Do you know where to vote on Election Day?  It will depend on where you live.
Go here to: 
Find out where YOU vote

The polls are open from 7am until 8pm on Election Day. If you are in line at 8pm, you have the right to vote.
You can see a sample of your ballot before you vote, so that you are prepared. 
To find the ballot that you will be voting on, go here:   
Find a sample of your ballot

What if you need help? 
You have the right to assistance from election officials.  For example, you can ask for instructions on how to use the voting equipment. 

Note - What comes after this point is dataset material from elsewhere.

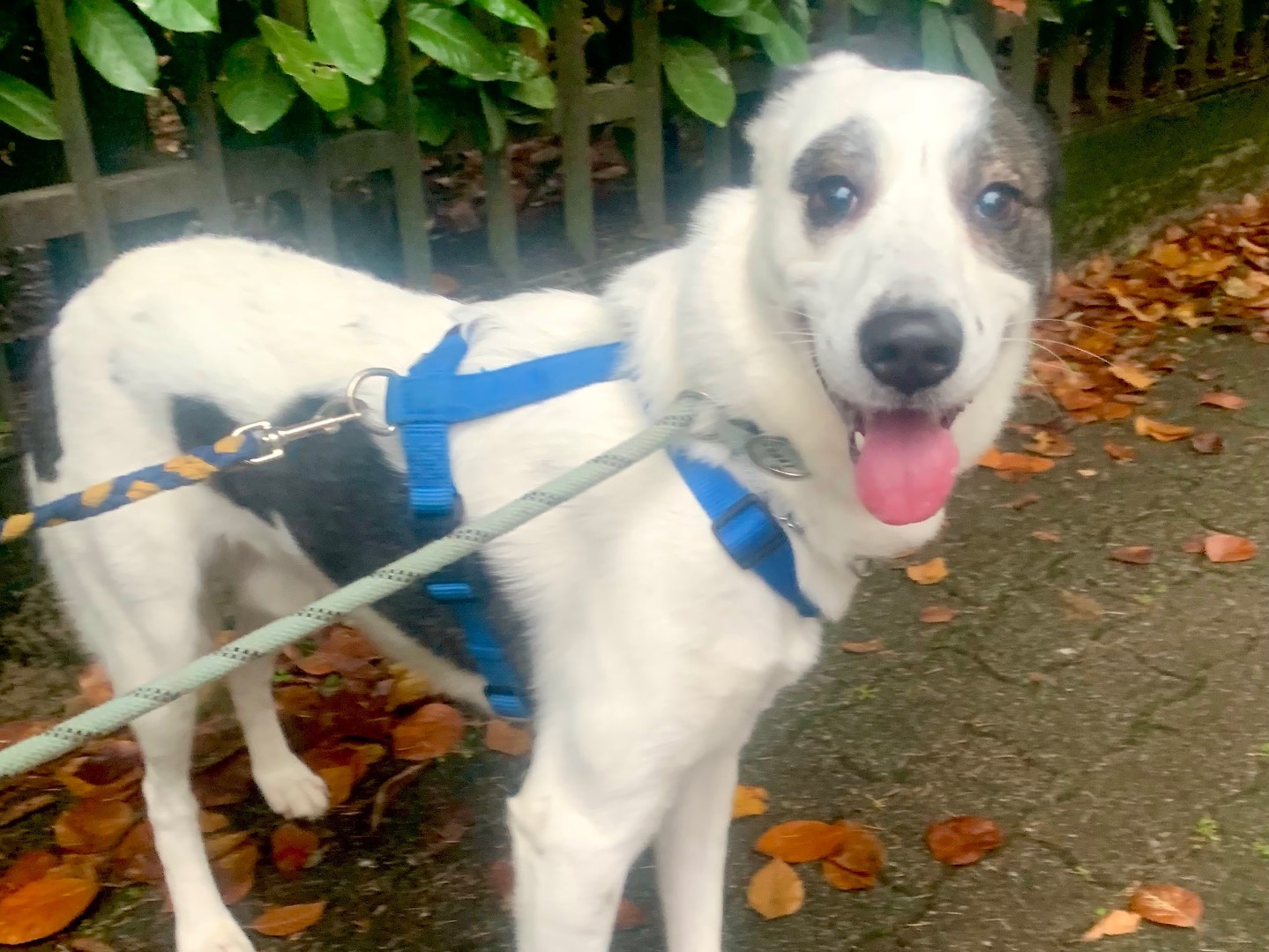 Vuoi adottare un cane a Milano?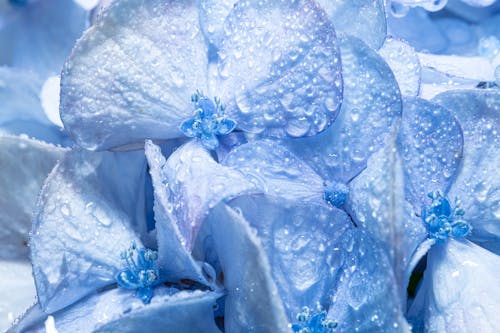 Free Macro Shot of Dewdrops on Blue Flowers in Bloom Stock Photo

Do you need a photo ID to vote?
You will be asked for a photo ID when you go to vote.  If you do not have a photo ID or do not have it with you, you can sign a form and then vote.
Examples of photo ID (a document with your name and picture) include:
A driver's license from any state, high school or college ID, passport, military or government issued ID, Tribal ID card.  Electronic or paper copies will work.

What if you make a mistake on your ballot or the voting machine doesn't work correctly?
Ask for a new ballot right away. You have a right to a new ballot if you catch the mistake before your ballot is inserted into the tabulating machine and counted.  If the scanner rejects your ballot, ask for a new one. You have the right to start over.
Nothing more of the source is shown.